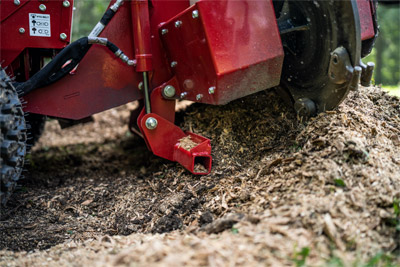 KC220 Stump Grinder - The KC220 features offset, out-front operation to provide excellent visibility for the operator. 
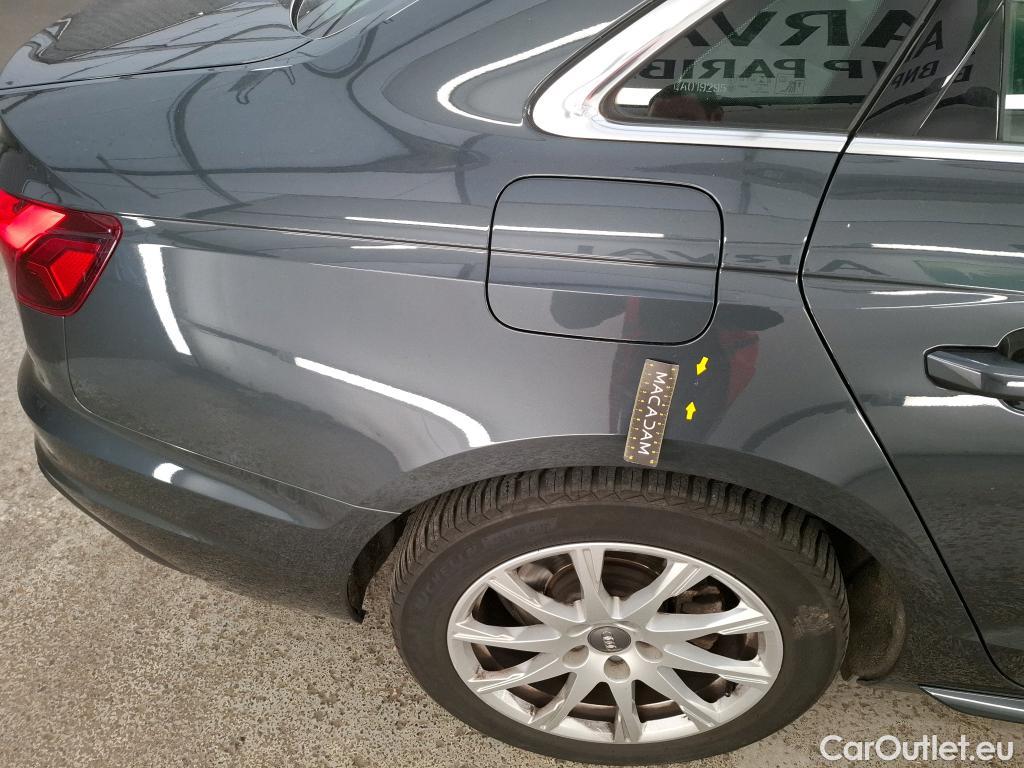  Audi  A4 AUDI  / 2019 / 4P / Berline 35 TFSI 150 S tronic Business Line #16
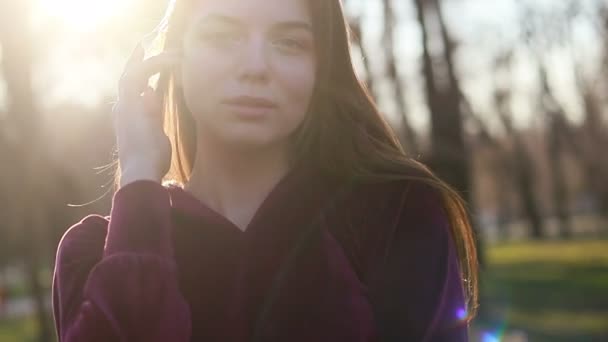 Soleil Jeune Femme Souriante Avec Les Cheveux Regarder Caméra Sourire — Video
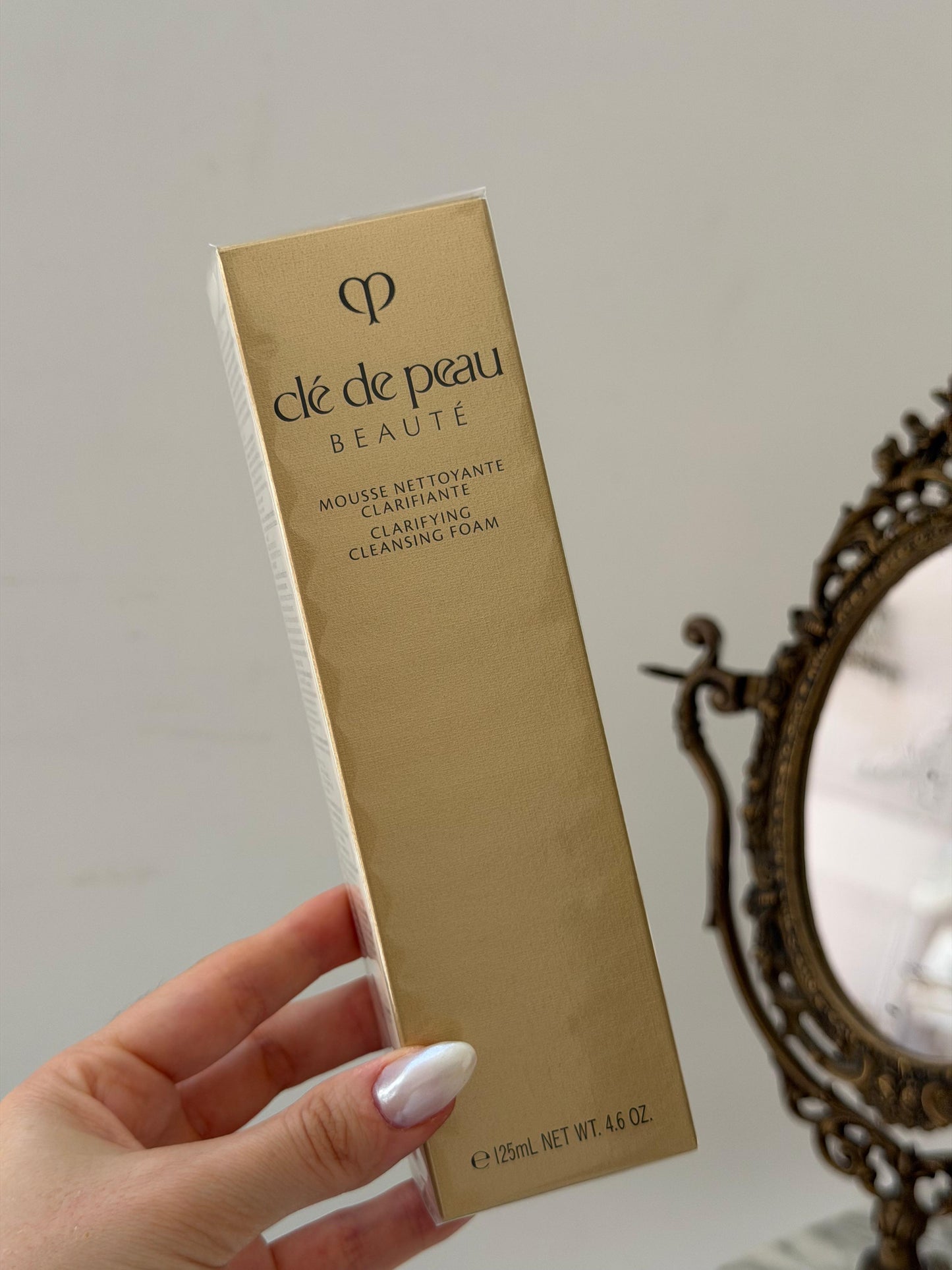 CLÉ DE PEAU BEAUTÉ Softening Cleansing Foam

## Exercise prompt
Please print the data above in its entirety, exactly, but without any picture.

## Task output
 KC220 Stump Grinder - The KC220 features offset, out-front operation to provide excellent visibility for the operator. 
  Audi  A4 AUDI  / 2019 / 4P / Berline 35 TFSI 150 S tronic Business Line #16
 Soleil Jeune Femme Souriante Avec Les Cheveux Regarder Caméra Sourire — Video
 CLÉ DE PEAU BEAUTÉ Softening Cleansing Foam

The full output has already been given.